In a decade of service after the conclusion of the war, fatality rates improved from a rough average of 1 per 100,000 miles flown, to 1 per 1.4 million miles flown in 1927.[38]
A total of 34 Contract Air Mail routes would eventually be established in the US between February 15, 1926, and October 25, 1930, however with the Air Mail scandal in 1934, the USPOD canceled all the contracts on February 9, 1934, which resulted in the suspension of commercial CAM service effective February 19, 1934.[39] Air mail was flown exclusively by the U.S. Army (as the "Army Air Corps Mail Operation") from February 19 to May 8, 1934, when new temporary contracts with private carriers were put into effect. During this period there were a total of 66 accidents resulting in the deaths of 12 Army pilots including two who were killed on the last AACMO flight on June 6, 1934.
Air mail as a distinct service was effectively ended within the United States on October 10, 1975, however, when all domestic intercity first-class mails began to be transported by air whenever practical and/or expeditious at the normal first-class rate. Domestic air mail as a separate class of service (and its rate structure) was formally eliminated by the successor to the Post Office Department, the United States Postal Service (USPS) on May 1, 1977.
When the USPS began to service all international First Class mails by air without additional charge in 1995 and simultaneously eliminated Surface (or "Sea") service which provided transportation by ship, it also announced that the words "air mail" would no longer appear on any U.S. postage stamps.[40] However a stamp denominated for foreign mailing, and showing a small airplane silhouette, is considered to be the final "air mail" issue.
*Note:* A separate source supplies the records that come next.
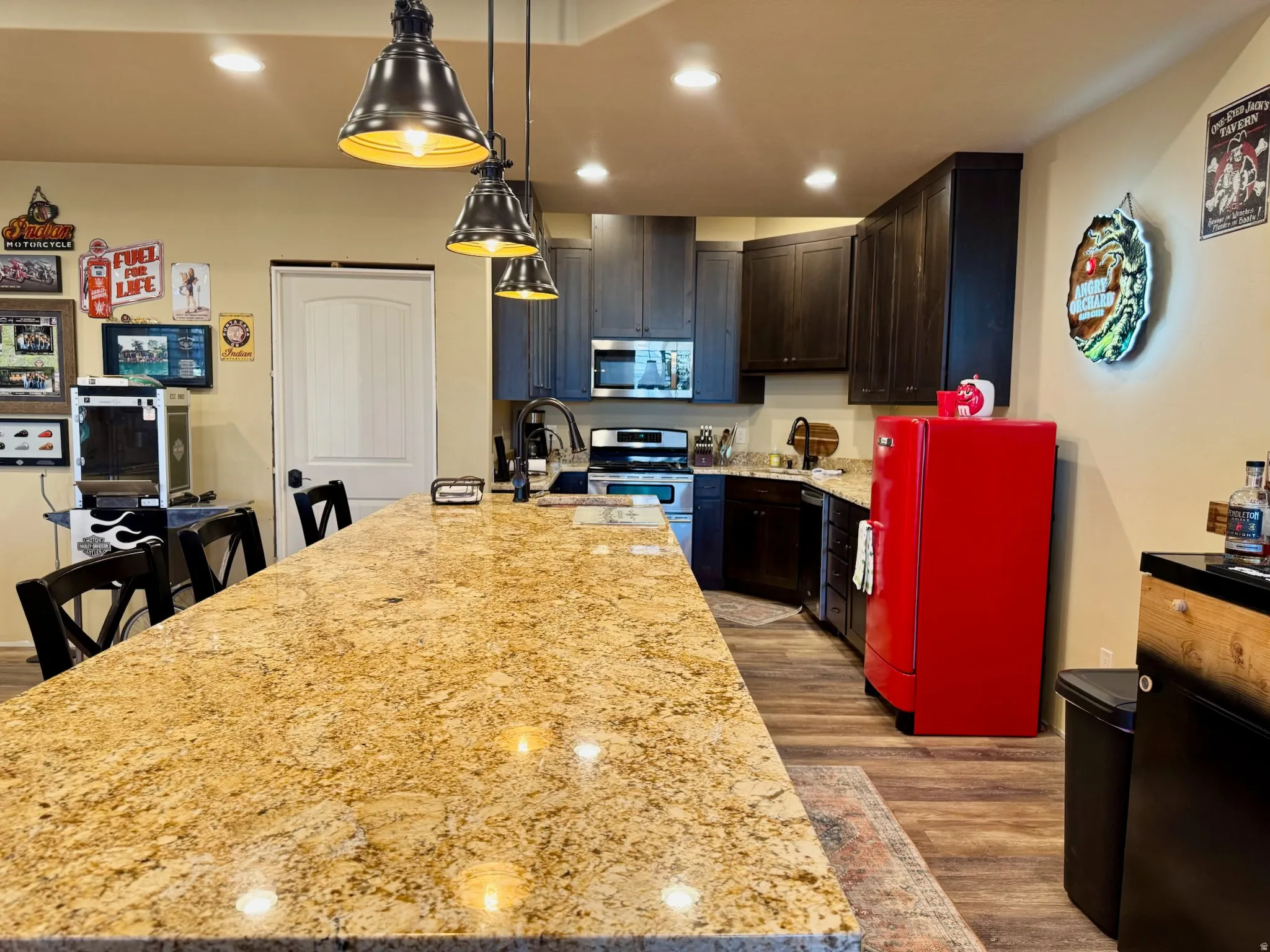 Kitchen featuring light wood-style floors, light stone counters, stainless steel appliances, pendant lighting, and a kitchen island with sink
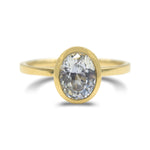 Ethereal white sapphire bezel set ring in 14k yellow gold
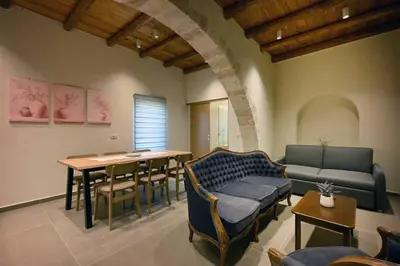 a living room with a couch and a table at Evans Villas in Kissamos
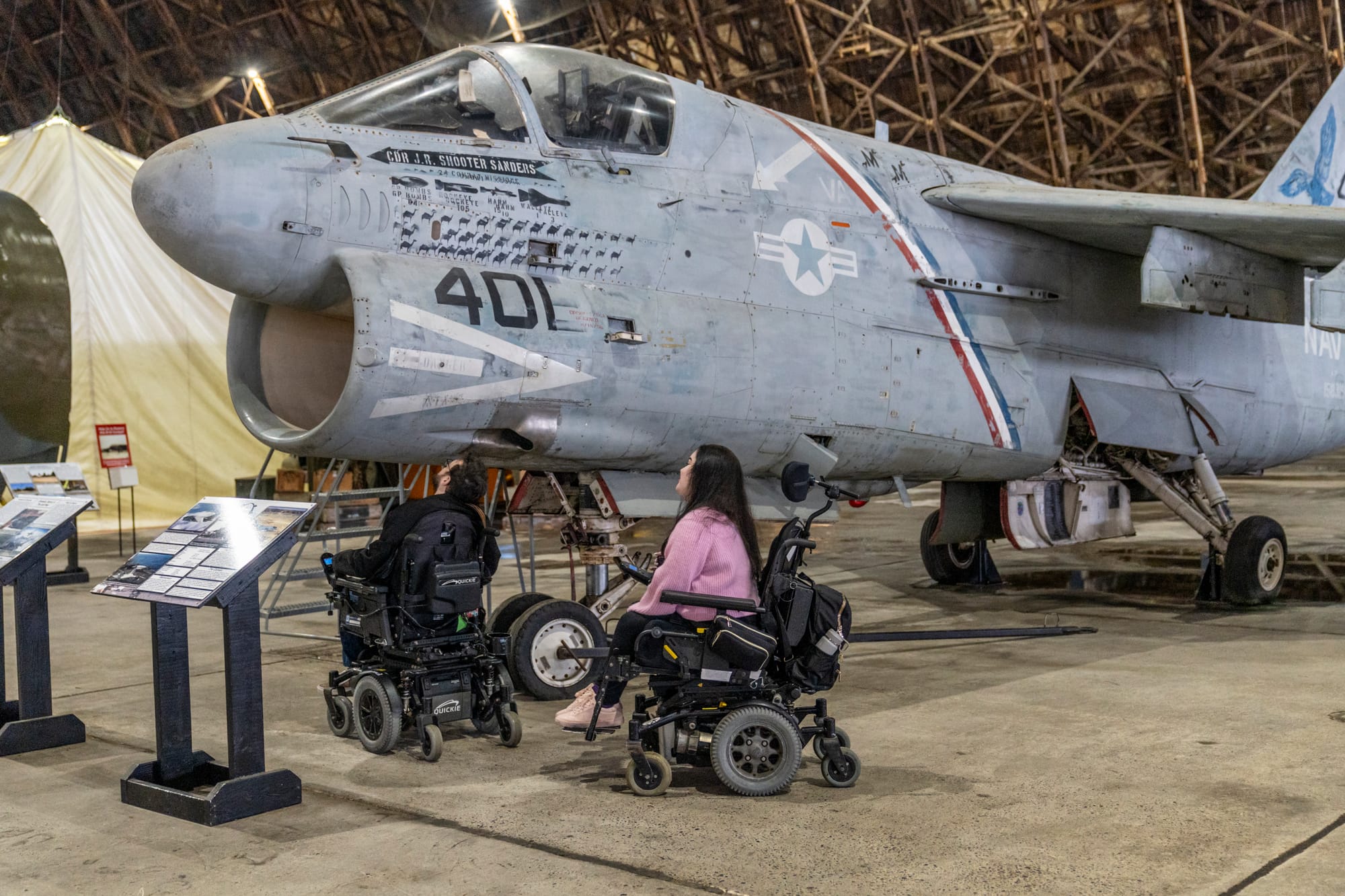 Two wheelchair users enjoying the Tillamook Air Museum, an accessible activity in Tillamook Coast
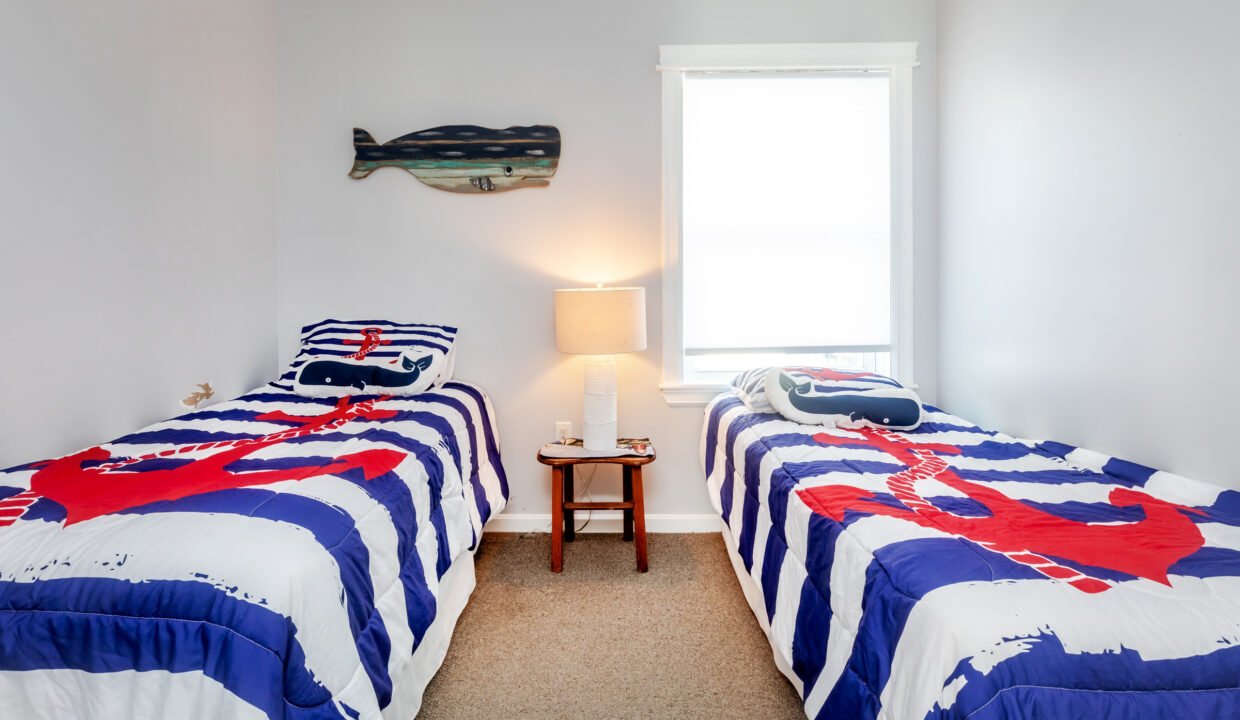 Two beds in a room with a nautical theme.
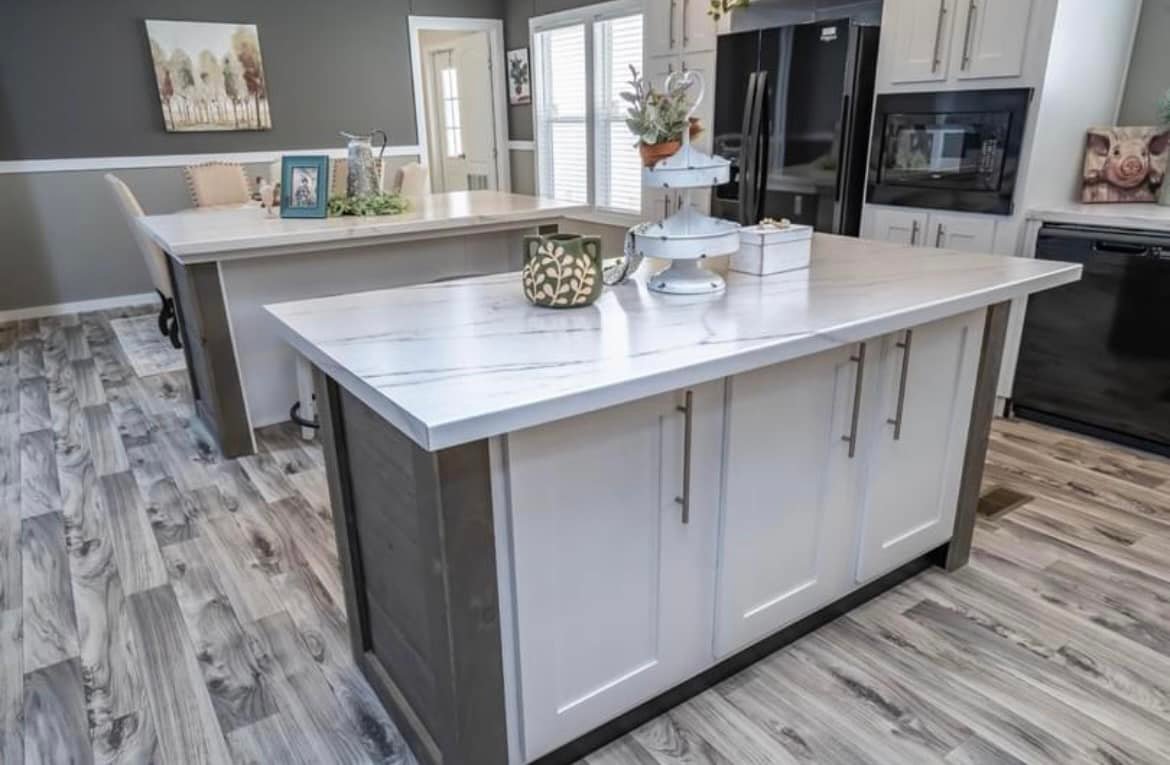 A modern kitchen with two white marble islands, grey cabinets, wood floors, and black appliances. Decor includes plants and white tiered trays.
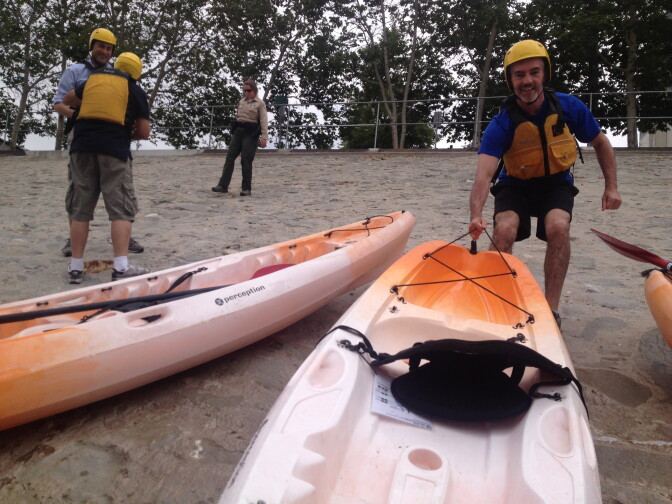 L.A. City Councilman Mitch O'Farrell helps pull up a kayak at Marsh Park. Elysian Valley hosts one of two recreation zones along the Los Angeles River this summer. 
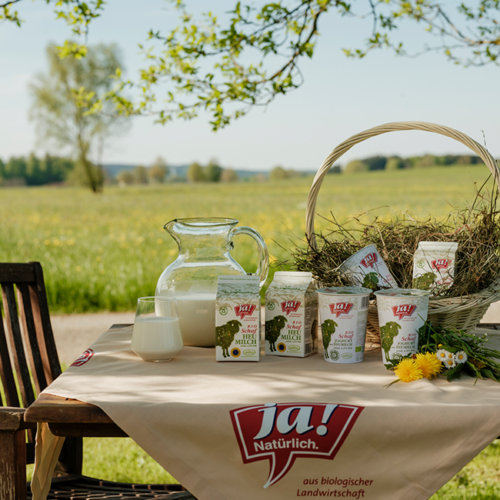 Ja! Natürlich Schafheumilchjoghurt und Schafheumilch auf einem tisch im Garten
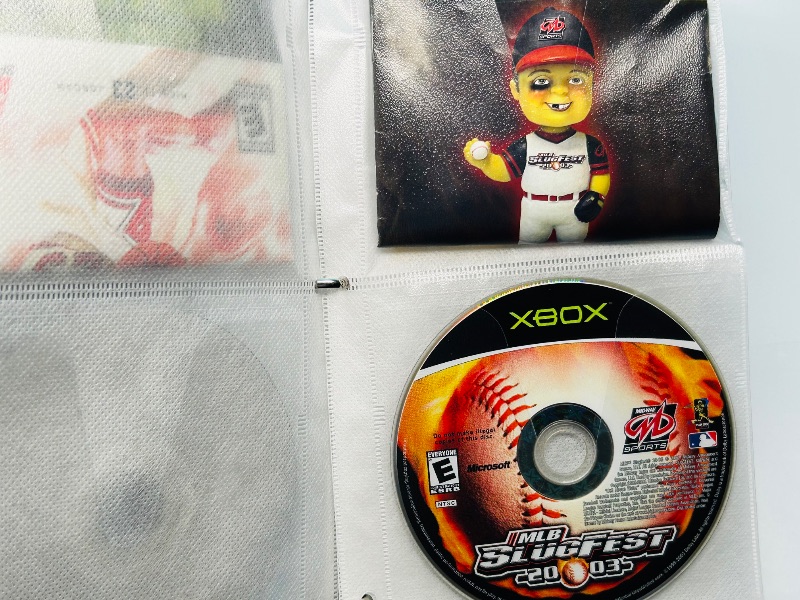 Photo 1 of 593355…10 XBOX and Wii sports game discs in binder-see photos 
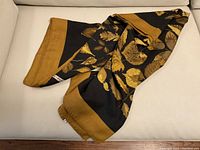 Folded shawl showing ochre border and Hermès Paris label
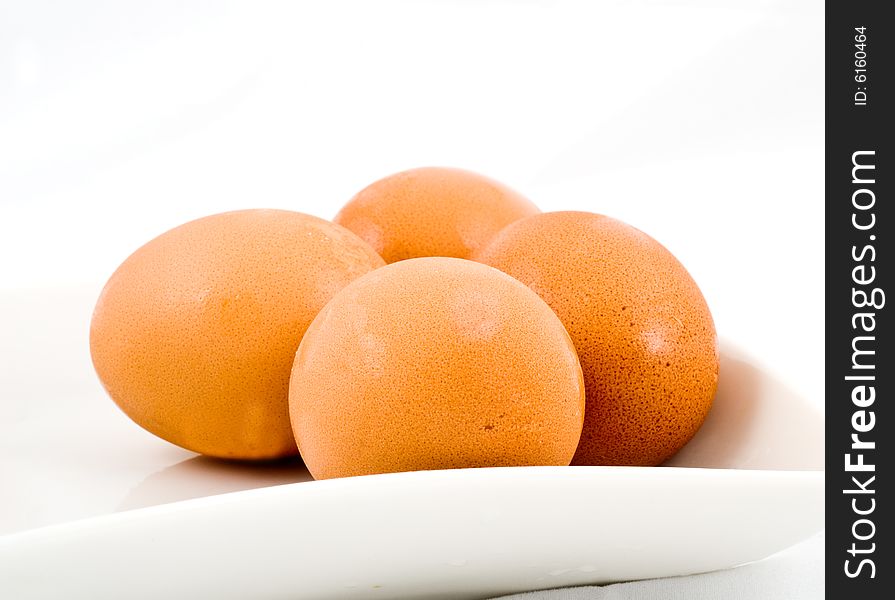 Brown eggs in white square plate isolated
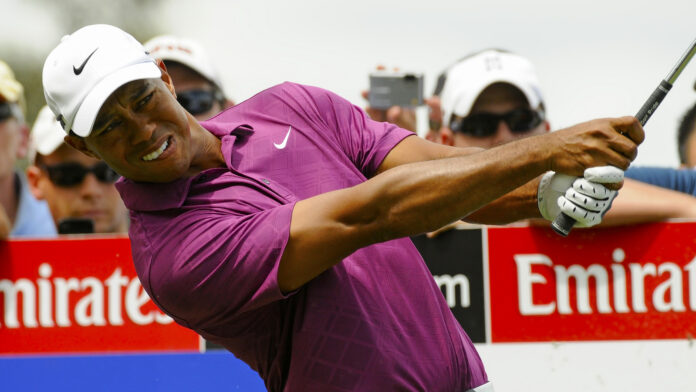 Tiger Woods playing a tee shot wearing Nike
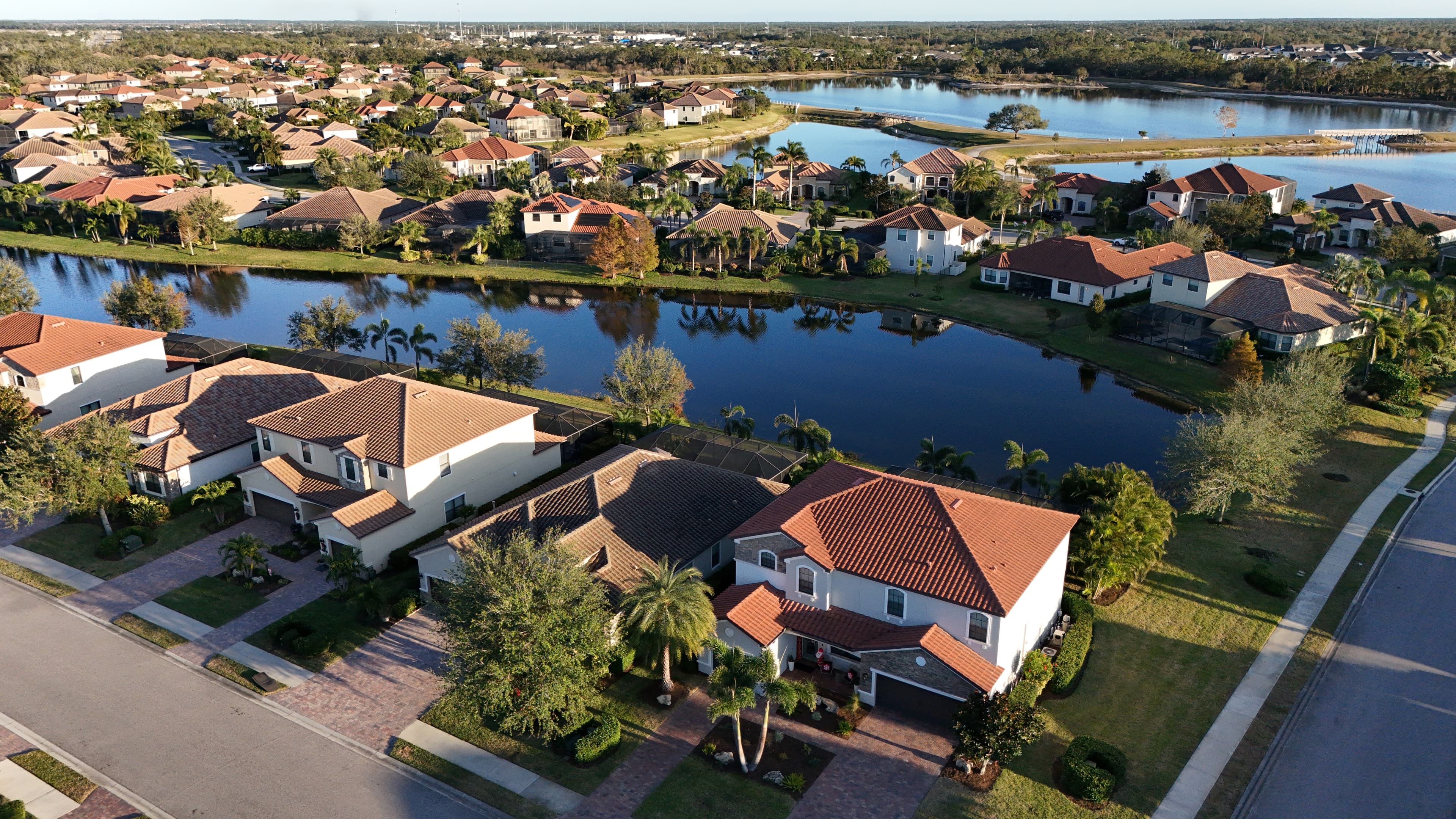EcoSmart Construct roofing crew at work on South Florida residential home, blue sky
It was issued in 2012.[41] While the USPS no longer offers traditional letter air mail, it does provide various classes of "premium" domestic and international business, priority, and express air mail services with guaranteed delivery times at much higher rates.[42]
In June 2006 the USPS formally trademarked Air Mail (two words with capital first letters) along with Pony Express.[43]